Archivado en: El Club de los 100, Nuestra Historia, Nuestros Jugadores

El Club de los 100 | Atienza II

05/02/2026 por JaviDatos JaviDatos

«Imagen. Ángel Atienza -Atienza II-. Fotografía Hemeroteca Real Madrid.» 

La historia del Real Madrid no la escriben solo los nombres que caben en una pancarta. La escriben también —y a veces sobre todo— los futbolistas que sostuvieron el edificio mientras otros se llevaban los aplausos. Jugadores sin pose, sin relato prefabricado, sin necesidad de explicarse treinta años después. Ángel Atienza Landeta, conocido futbolísticamente como Atienza II, pertenece a esa estirpe silenciosa y esencial: la de los que ganaron Europa antes de que Europa supiera que estaba siendo conquistada.

ATIENZA II, EL DEFENSA QUE GANÓ EUROPA Y SE FUE A PINTAR EL MUNDO

Atienza II no fue una estrella y, sin embargo, ganó cinco Copas de Europa con el Real Madrid. No fue un icono pop y, sin embargo, fue defensa titular en el Madrid que inventó la hegemonía continental. No fue tertuliano, ni columnista, ni portavoz de sí mismo. Se retiró, cambió el balón por el arte y desapareció del foco con una elegancia que hoy parece ciencia ficción.

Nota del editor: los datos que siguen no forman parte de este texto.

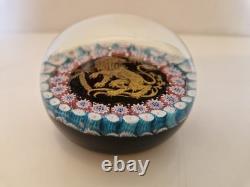 Murano Sulfure ancien décor lion et millefiori D. 8 cm ca 1950 Zodiaque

En tiempos de fútbol sobreactuado, conviene recordar a tipos así.

Ángel Atienza nace en Madrid en 1931. Cuando llega a la élite, el fútbol no es un escaparate global ni un laboratorio de marketing. Es un oficio duro, físico, con campos pesados y reglas que hoy resultarían directamente salvajes. El defensa no está para construir relatos, sino para ganar duelos. Y Atienza lo entendió pronto.

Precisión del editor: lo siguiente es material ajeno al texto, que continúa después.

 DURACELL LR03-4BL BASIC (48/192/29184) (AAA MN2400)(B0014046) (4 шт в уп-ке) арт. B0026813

Antes de llegar al Real Madrid, pasa por clubes como la SG Lucense y el Real Zaragoza, donde se forma como futbolista de Primera División. No llega como promesa etérea, sino como defensa ya hecho, con cuerpo, lectura de juego y una cualidad que en los años cincuenta era oro puro: fiabilidad.

Atienza ficha por el Real Madrid en 1954, justo cuando el club empieza a construir algo que todavía no tiene nombre, pero sí ambición. Ese Madrid no es aún el mito cerrado que hoy conocemos; es un equipo en expansión, con Di Stéfano como eje, Gento como vértigo y una defensa que debía sostener un fútbol ofensivo, atrevido y, para la época, revolucionario.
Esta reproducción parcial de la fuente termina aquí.